Dahulu pada tahun 1815, sebuah gunung berapi di Pulau Sumbawa, Nusa Tenggara Barat, meletus, menjadikannya salah satu bencana alam terbesar yang pernah tercatat dalam sejarah Indonesia. Akibat yang ditimbulkannya tidak hanya di Indonesia, namun juga di beberapa tempat di belahan bumi lain.

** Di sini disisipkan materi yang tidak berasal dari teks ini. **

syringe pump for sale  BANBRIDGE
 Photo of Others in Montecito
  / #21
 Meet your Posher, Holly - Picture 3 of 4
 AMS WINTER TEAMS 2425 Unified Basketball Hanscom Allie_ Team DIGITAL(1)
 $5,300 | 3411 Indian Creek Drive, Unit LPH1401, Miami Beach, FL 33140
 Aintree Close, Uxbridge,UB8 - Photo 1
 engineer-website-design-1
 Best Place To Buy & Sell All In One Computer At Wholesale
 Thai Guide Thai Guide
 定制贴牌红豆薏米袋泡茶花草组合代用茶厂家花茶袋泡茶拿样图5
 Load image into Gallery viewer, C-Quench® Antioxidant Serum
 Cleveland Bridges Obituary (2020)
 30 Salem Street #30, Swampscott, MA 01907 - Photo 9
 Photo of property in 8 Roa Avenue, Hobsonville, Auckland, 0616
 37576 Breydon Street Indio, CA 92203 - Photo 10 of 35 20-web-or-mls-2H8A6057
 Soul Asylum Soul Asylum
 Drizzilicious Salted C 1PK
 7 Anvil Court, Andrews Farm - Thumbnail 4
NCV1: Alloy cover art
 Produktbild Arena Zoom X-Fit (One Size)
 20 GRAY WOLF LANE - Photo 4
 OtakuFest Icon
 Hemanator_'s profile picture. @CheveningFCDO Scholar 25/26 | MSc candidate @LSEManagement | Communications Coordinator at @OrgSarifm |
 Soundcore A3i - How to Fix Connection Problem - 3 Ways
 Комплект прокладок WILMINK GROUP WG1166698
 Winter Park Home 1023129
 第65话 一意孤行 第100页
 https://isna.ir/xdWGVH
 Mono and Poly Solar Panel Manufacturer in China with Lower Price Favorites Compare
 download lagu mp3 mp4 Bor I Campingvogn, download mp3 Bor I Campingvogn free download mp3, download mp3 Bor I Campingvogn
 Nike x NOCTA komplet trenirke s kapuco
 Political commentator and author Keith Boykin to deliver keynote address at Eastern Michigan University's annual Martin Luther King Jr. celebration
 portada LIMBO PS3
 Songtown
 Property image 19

Tambora, yang meletus pertama kali pada April 1815, merupakan sebuah gunung berapi aktif yang terletak di antara dua wilayah kerajaan besar di pulau Sumbawa. Nusantara yang pada saat itu masih berada dalam masa transisi (interregnum) pemerintahan Inggris di bawah Letnan Gubenur Th. S. Raffles ke pemerintahan India Belanda, semula menduga bahwa suara yang dihasilkan akibat letusan Tambora tersebut merupakan suara letusan-letusan meriam yang dikirim sebagai bentuk penyerangan. Karenanya, sejumlah detasemen pasukan dikirim dari Yogyakarta ke pos-pos keamanan terdekat sebagai bentuk perlindungan.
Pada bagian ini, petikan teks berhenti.